Building the flow (SPSS Modeler) | IBM Data Product Exchange

Building the flow

Last updated: Oct 09, 2024

Building the flow (SPSS Modeler)

To build a flow that will create a model, we need at least three elements:

A Data Asset node that reads in data from an external source, in this case a .csv data file
An Import or Type node that specifies field properties, such as measurement level (the type of data that the field contains), and the role of each field as a target or input in modeling
A modeling node that generates a model nugget when the flow runs

In this example, we're using a CHAID modeling node. CHAID, or Chi-squared Automatic Interaction Detection, is a classification method that builds decision trees by using a particular type of statistics known as chi-square statistics to work out the best places to make the splits in the decision tree.

If measurement levels are specified in the source node, the separate Type node can be eliminated. Functionally, the result is the same.

This flow also has Table and Analysis nodes that will be used to view the scoring results after the model nugget has been created and added to the flow.

The Data Asset import node reads data in from the sample tree_credit.csv data file.

The Type node specifies the measurement level for each field. The measurement level is a category that indicates the type of data in the field. Our source data file uses three different measurement levels:

A Continuous field (such as the Age field) contains continuous numeric values, while a Nominal field (such as the Credit rating field) has two or more distinct values, for example Bad, Good, or No credit history. An Ordinal field (such as the Income level field) describes data with multiple distinct values that have an inherent order—in this case Low, Medium and High.

Figure 2. Setting the target and input fields with the Type node

For each field, the Type node also specifies a role to indicate the part that each field plays in modeling. The role is set to Target for the field Credit rating, which is the field that indicates whether or not a given customer defaulted on the loan. This is the target, or the field for which we want to predict the value.

Role is set to Input for the other fields. Input fields are sometimes known as predictors, or fields whose values are used by the modeling algorithm to predict the value of the target field.

The CHAID modeling node generates the model. In the node's properties, under FIELDS, the option Use custom field roles is available.
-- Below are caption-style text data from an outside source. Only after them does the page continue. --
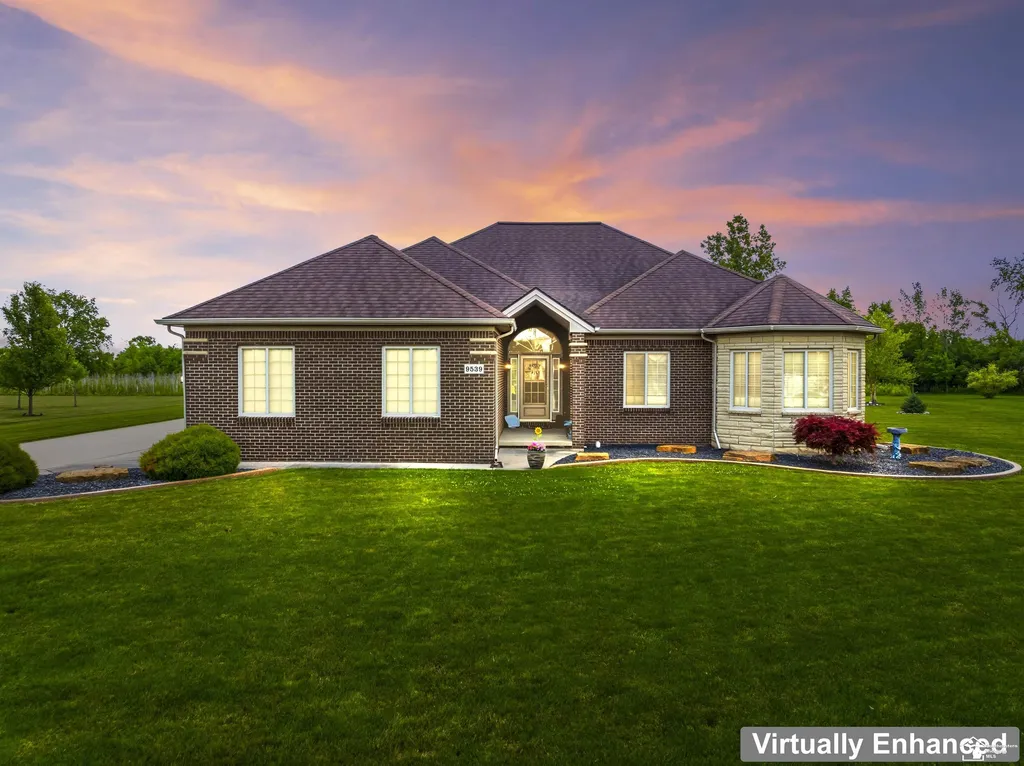 9539 Lazy Oak Drive Carleton Village MI 48117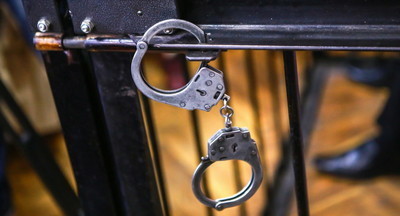 Бывшего и.о. директора школы Щетинина Яна Селезнева обвиняют в мошенничестве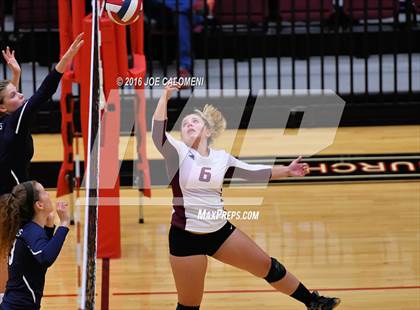 Thumbnail 2 in Boerne-Champion vs Austin (Class 5A Bidistrict) photogallery.
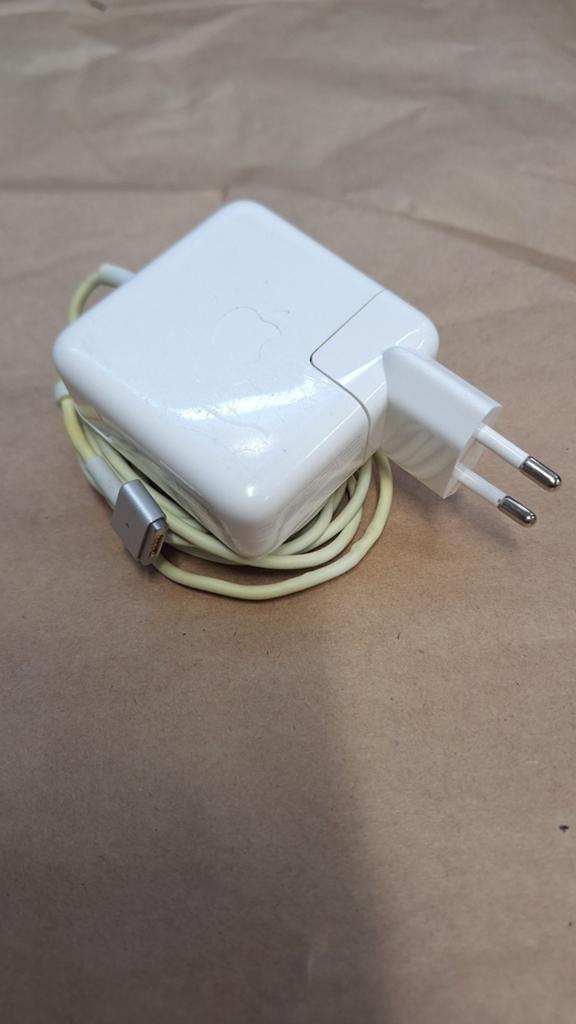 Apple MagSafe 2 Oplader 45W voor MacBook Air, Computers en Software, Laptop-opladers, Ophalen of Verzenden, Gebruikt, Apple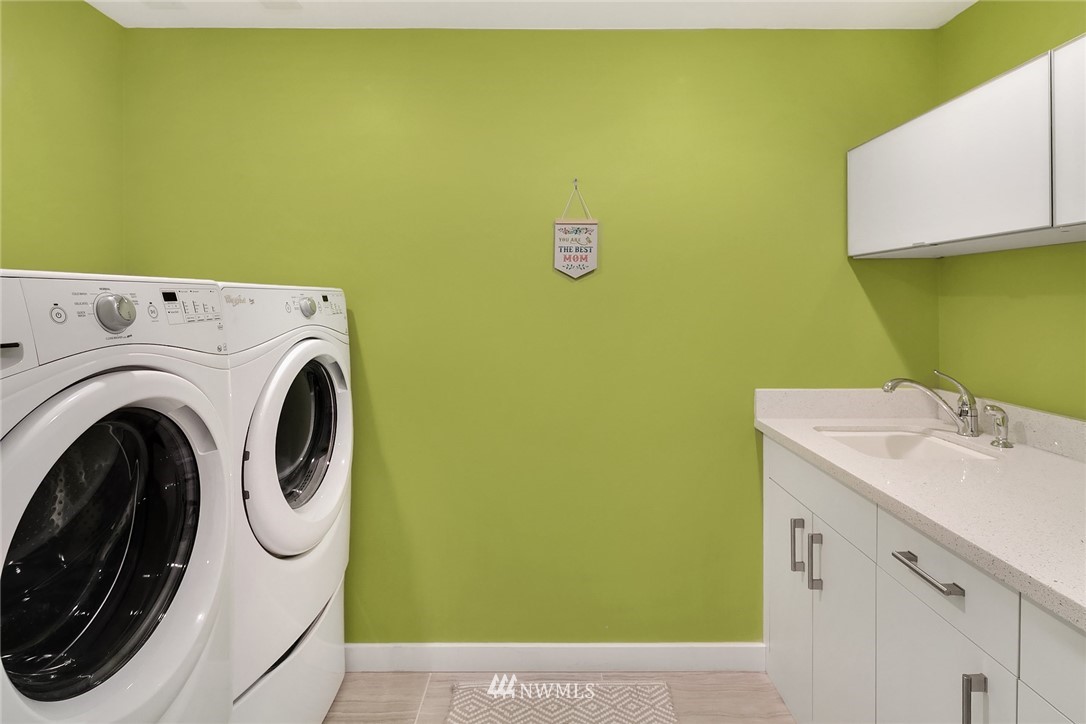 3704 West Dravus Street Seattle, WA 98199 - Photo 31 of 35 a utility room with dryer and washer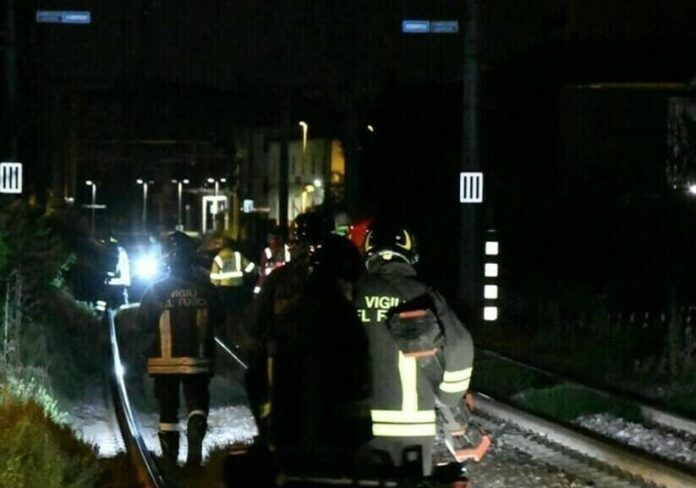 Trecate, è un egiziano 18enne la vittima dell’incidente ferroviario di lunedì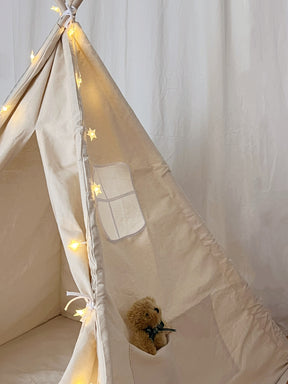Tipi enfant avec tapis avec guirlandes
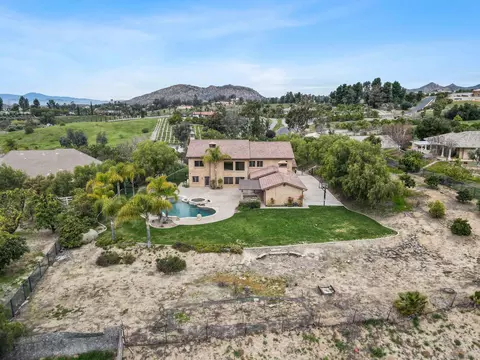 View/Area - 41335 Via Del Toronjo, Temecula, CA 92592 photo 4 of 6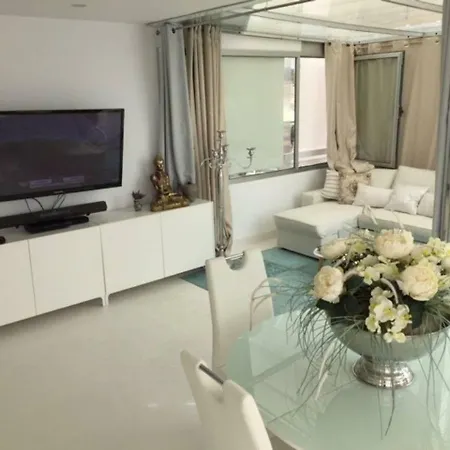 Modern & Spectacular Ocean View ,wifi,beach Front. Διαμέρισμα *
We could select this option and change the field roles, but for this example we'll use the default targets and inputs as specified in the Type node.

Double-click the CHAID node (named Creditrating). The node properties are displayed.
Figure 3. CHAID modeling node properties

Here there are several options where we could specify the kind of model we want to build.

We want a brand-new model, so under OBJECTIVES we'll use the default option Build new model.

We also just want a single, standard decision tree model without any enhancements, so we'll also use the default objective option Create a standard model.

Figure 4. CHAID modeling node objectives

For this example, we want to keep the tree fairly simple, so we'll limit the tree growth by raising the minimum number of cases for parent and child nodes.
Under STOPPING RULES, select Use absolute value.
Set Minimum records in parent branch to 400.
Set Minimum records in child branch to 200.

Figure 5. Setting the stopping criteria for decision tree building

We can use all the other default options for this example, so click Save and then click the Run button on the toolbar to create the model. (Alternatively, right-click the CHAID node and choose Run from the context menu.)